Annotated List of Recipients || List of Recipients by Year
The world abounds in awards and prizes for exemplary human achievement. Among those honoring criticism or scholarship in the arts, however, none are based on an objective view of the underlying concept, art. All embrace the notion that anything can be art if the artworld says it is. Selection criteria are expressed in the vaguest of terms. The Pulitzer Prize, for example, is given for distinguished arts criticism; the College Art Association's Frank Jewett Mather Award, for significant criticism in the visual arts; and the National Book Critics Circle Award in criticism, for the finest book published in English on the subject.
The Aristos Award, established by the Aristos Foundation in January 2006, differs fundamentally from the awards cited above, and from others like them. Briefly stated, it is given for objectivity in arts criticism, scholarship, or commentary. Such objectivity involves the recognition (often implicit) that to be meaningful the term art must refer to objects of a particular kind, and that present-day art therefore bears a fundamental similarity to art of the past. Often, the view expressed is that work regarded as art by presumed experts is not art at all. The fullest explication of the point of view underlying the awards is found in What Art Is: The Esthetic Theory of Ayn Rand.

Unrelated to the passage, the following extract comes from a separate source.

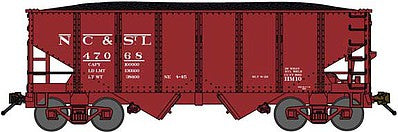 Bluford Shops 60501 N NC&St.L USRA 30' 6'' 2-Bay Hopper with Load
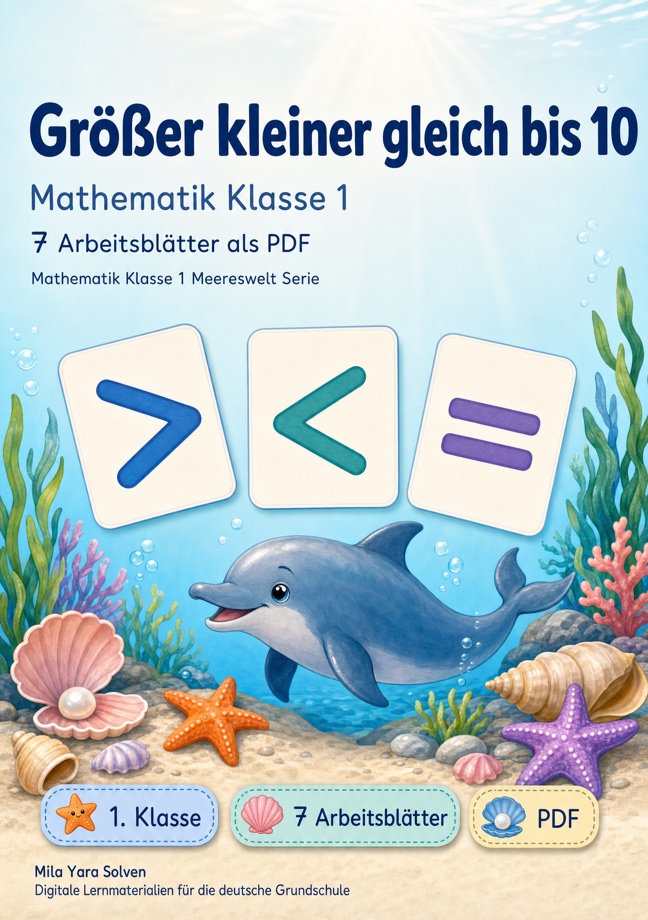 Cover: Größer kleiner gleich bis 10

Recipients of the Aristos Award include not only critics and scholars specializing in the arts but also writers and scholars in other fields, as well as ordinary people. Admittedly modest, the award at present consists solely of a citation in these pages, with no attendant ceremony, medal, certificate, or monetary prize. Not confined to an annual schedule, they are bestowed whenever worthy recipients are identified, even retroactively or posthumously, to individuals active anytime from 1900 to the present. Both written and spoken remarks are honored, in long forms and short--from books, essays, articles, and columns to statements made to interviewers and reporters and letters "to the editor." Finally, the Aristos Award pertains only to the individual's views on art as specified in the award citation--independent of any other opinions held in respect to art, philosophy, politics, or culture.